A assimilação entre corte de um soberano e tribunais é comum a várias línguas, entre elas, a nossa. Provém do tempo em que os Reis, no exercício do governo dos seus estados e senhorios, guardavam para eles, zelosamente, a prerrogativa de serem a última instância na administração da justiça.
A corte, como lugar onde se aplicava o Direito, foi uma realidade tão forte que os nossos monarcas, ao referir-se à Casa da Suplicação, lhe chamavam «a nossa corte», conforme rezam as antigas Ordenações do Reino. Essa ligação desfez-se e, no meio de nós, o termo corte, como equivalente a tribunal, apenas se manteve na Índia até mais tarde.
Respondendo à pergunta inicial, direi que a corte é o Tribunal Judicial de Ponta Delgada, o qual, à semelhança das cortes reais da Idade Média, conserva dentro dos seus muros um jogral conhecido como conde de Benavente.
As suas truanices não valem os anedotários clássicos vividos na barra dos tribunais, porque lhes falta a graça sadia que recheava aqueles. O que se vê é o ridículo tremendo a cobrir o bufão que as solta.
São infindáveis as suas chocarrices. E hão-de prosseguir enquanto ele, indolentemente, for arrastando a sua massa enorme pelas salas do pretório ilhéu. O bobo, entrajado nas roupagens de advogado, nem sabe Direito, nem se rala muito com isso. O que diz agrada à maioria da corte e isso basta-lhe. É um arlequim mal vestido, mas junto de alguns passa por sisudo.
Numa terra que foi berço de Frutuoso, discípulo de Soto nos claustros universitários de Salamanca, o qual pedia tempo para preparar as respostas às questões teológicas que o micaelense lhe colocava; a terra que deitou Bento de Góis, explorador e sábio, pois não se atravessa meia Ásia sem possuir largos conhecimentos científicos; a terra, enfim, onde nasceu e morreu Antero, o mestre genial do soneto, o artista da palavra que deslumbrou Michelet, a ponto de este dizer que Portugal continuava a ser um grande país vivo se lhe restassem quatro ou cinco homens como o autor das Odes Modernas, nessa formosíssima terra, a aura, que envolve o palhaço de meia-tigela, revolta e entristece porque é sinal indesmentível de impressionante declínio da cultura.

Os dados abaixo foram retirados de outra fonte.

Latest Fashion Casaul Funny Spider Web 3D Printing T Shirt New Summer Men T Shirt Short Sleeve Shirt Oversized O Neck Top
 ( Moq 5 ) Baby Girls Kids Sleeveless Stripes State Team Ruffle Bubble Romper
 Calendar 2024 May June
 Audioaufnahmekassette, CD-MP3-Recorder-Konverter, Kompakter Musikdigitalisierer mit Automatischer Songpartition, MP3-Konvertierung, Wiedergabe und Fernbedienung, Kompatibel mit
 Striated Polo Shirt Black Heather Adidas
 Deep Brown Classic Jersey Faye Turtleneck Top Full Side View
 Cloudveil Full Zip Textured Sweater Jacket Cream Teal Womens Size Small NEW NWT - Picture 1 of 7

O elogio feito pelo historiador francês ao infeliz Antero terá sido mais um arroubo romântico de Michelet? Não sei. Do que estou certo é que a imagem de probidade e valia criada à volta deste conde de opereta, se não for uma acintosa mentira, é no mínimo um desgraçado equívoco.
13ABR08 (data originária)
Joaquim Maria Cymbron
Obs.: O bobo, no presente texto, é Carlos Melo Bento, várias vezes referido ao longo deste blogue, tendo recebido noutra peça a classificação que lhe cabe com maior propriedade. Sem esquecer mais esta!